Nesse sentido, analisando-se a crise orçamental registrada pelo trágico endividamento dos países, não se tem manifestamente relação com as reivindicações democráticas dos cidadãos; mas, se houve reivindicações, essas vieram dos grandes bancos em situação difícil, mormente da crise de 2008 e seguintes. Como leciona o economista Jean-Paul Fitoussi[3], uma sociedade não é menos competitiva por ser mais solidária, uma vez que os fatos não demonstram que a democracia cria dificuldade ao crescimento.

Acontece que, nas últimas décadas, a política monetária apresenta-se como principal instrumento macroeconômico para estabilização, controle da inflação e a redução dos números da dívida, em total desequilíbrio com as políticas fiscais.

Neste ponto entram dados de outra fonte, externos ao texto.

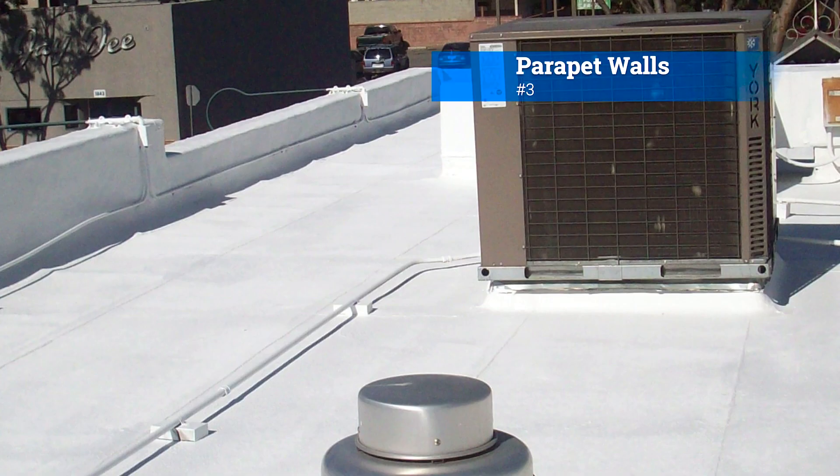Number three: parapet walls. Parapet walls act as barriers at the edges. These walls help prevent water from overflowing and support the flat roof structure.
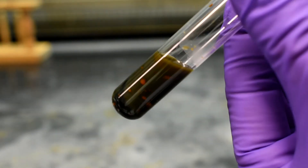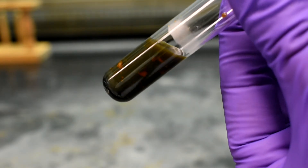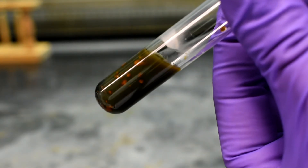In the presence of a nitro group, a rust-brown precipitate will form in the test tube after a minute or so.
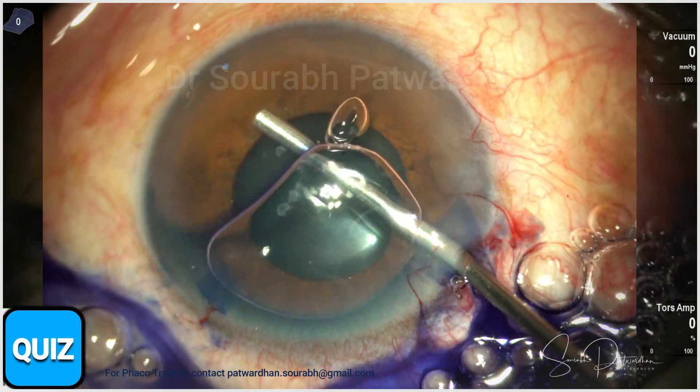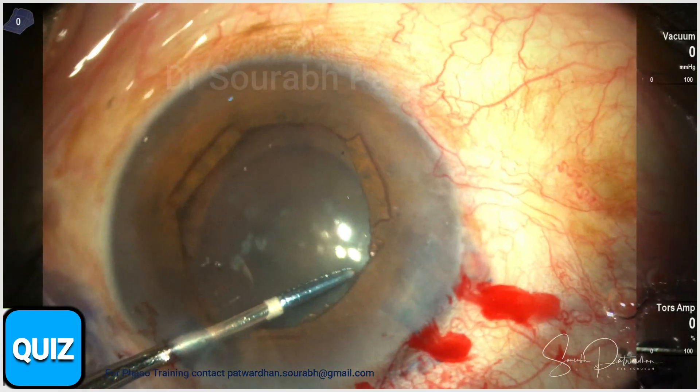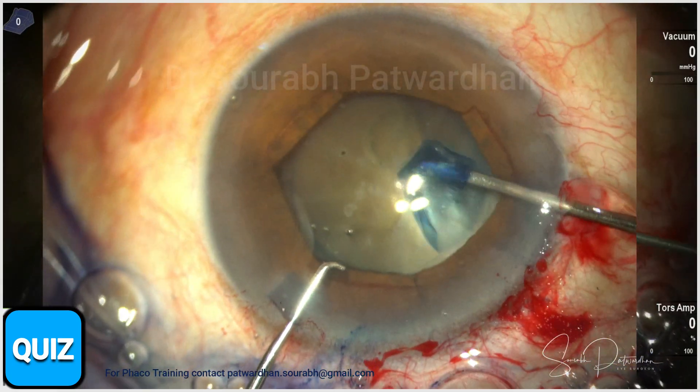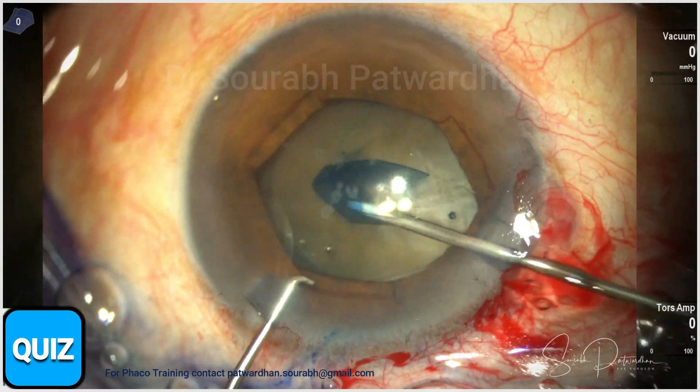This is a brown cataract — you can see it's a hard cataract. There is some corneal opacity and a small pupil. I want to take care of the pupil first, so I used a B-Hex pupil expansion ring followed by a capsular ring.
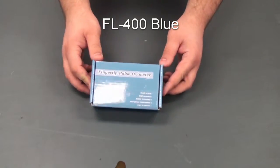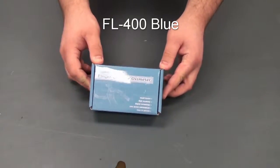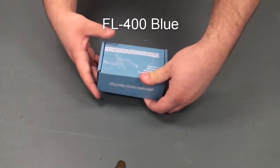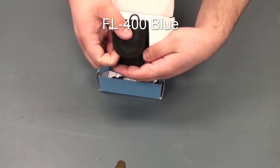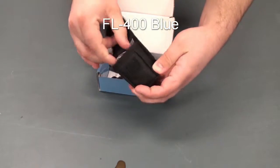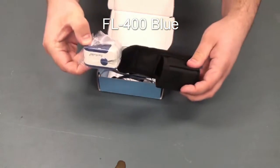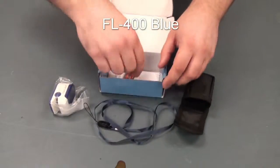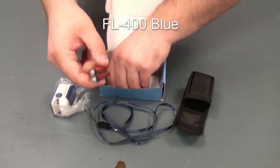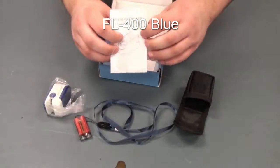Hello and welcome to the unboxing of the FL400 blue color. In each box, you will see a carrying case for the device, along with the device, a lanyard, a set of batteries, and an instruction manual.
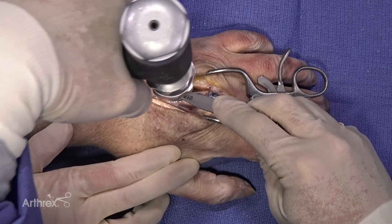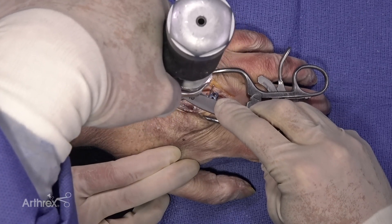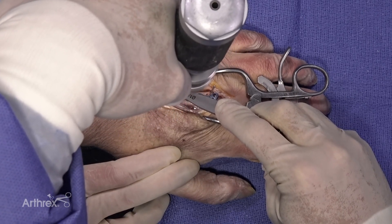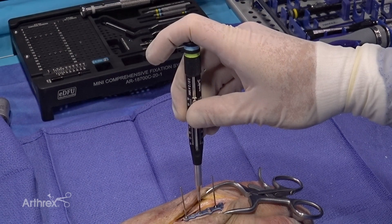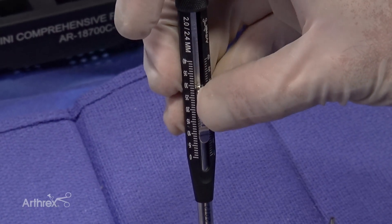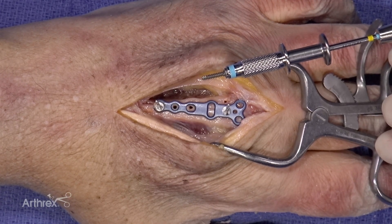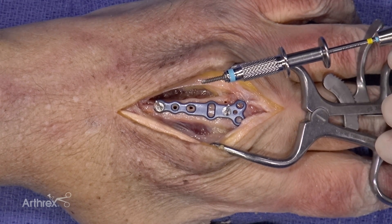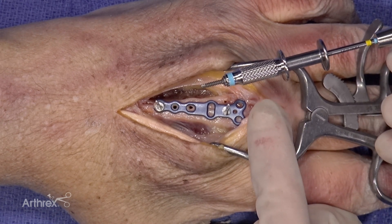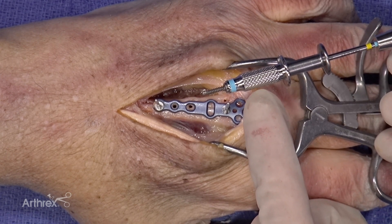Next, I will drill the three holes proximal to the oblong hole. Once the holes are drilled, the size-specific depth gauge is then used to measure the length of the screws. Once the appropriate length screw is measured, it is placed under the screwdriver. It is held securely to the screwdriver by this screw holding sleeve, which is one of the defining features of the set.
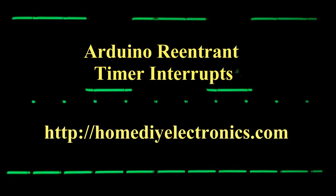If you think that using interrupts on your Arduino is too difficult, think again. In this video I'm going to show you how easy it can be to use interrupt service routines. Find full details of this re-entrant interrupt example for the Arduino at homediyelectronics.com.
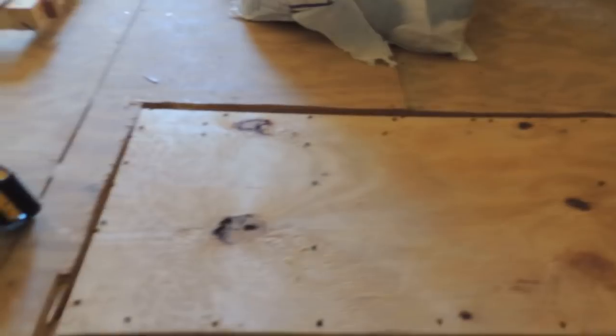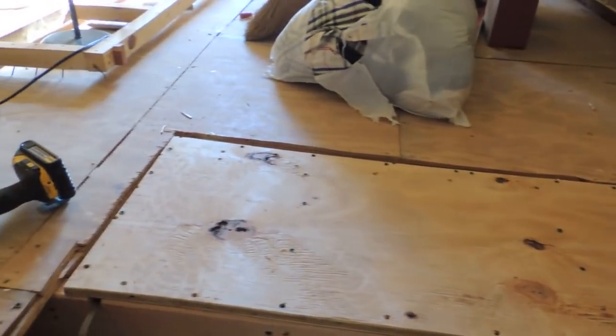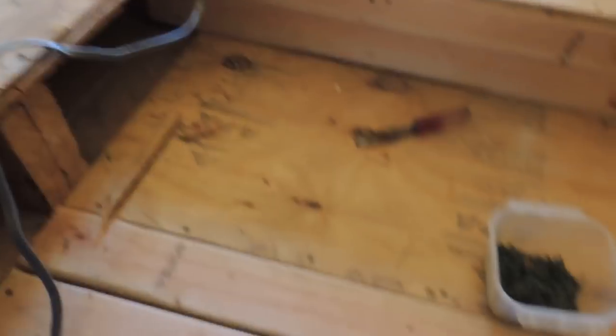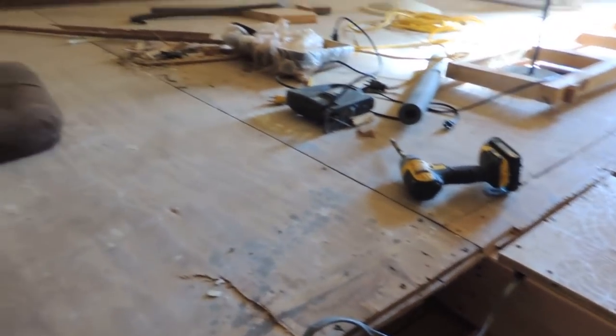I'll fill in these little gaps — it won't matter. The important thing is it's level. It's real good and sturdy all the way up to here, and when I'm done with the finished product it'll look good.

Olivier Blancard[4], economista-chefe do FMI, na conferência “Repensar la política macroeconômica”, critica o uso da política monetária com o objetivo primordial de estabilização da inflação, que utiliza como principal instrumento as taxas de juros. Afirma que a política monetária necessita ir além da estabilidade financeira e do combate à inflação; e que a macroeconomia teria muito mais do que um só instrumento para implementá-la. Por outro lado, conforme as lições de Keynes, após o resultado da grande depressão, nos anos de 1940 a 1970, conhecido como os “30 anos gloriosos”, as políticas monetárias e fiscais mantinham uma relação equilibrada, sendo que a política fiscal se apresentava como principal instrumento da política macroeconômica.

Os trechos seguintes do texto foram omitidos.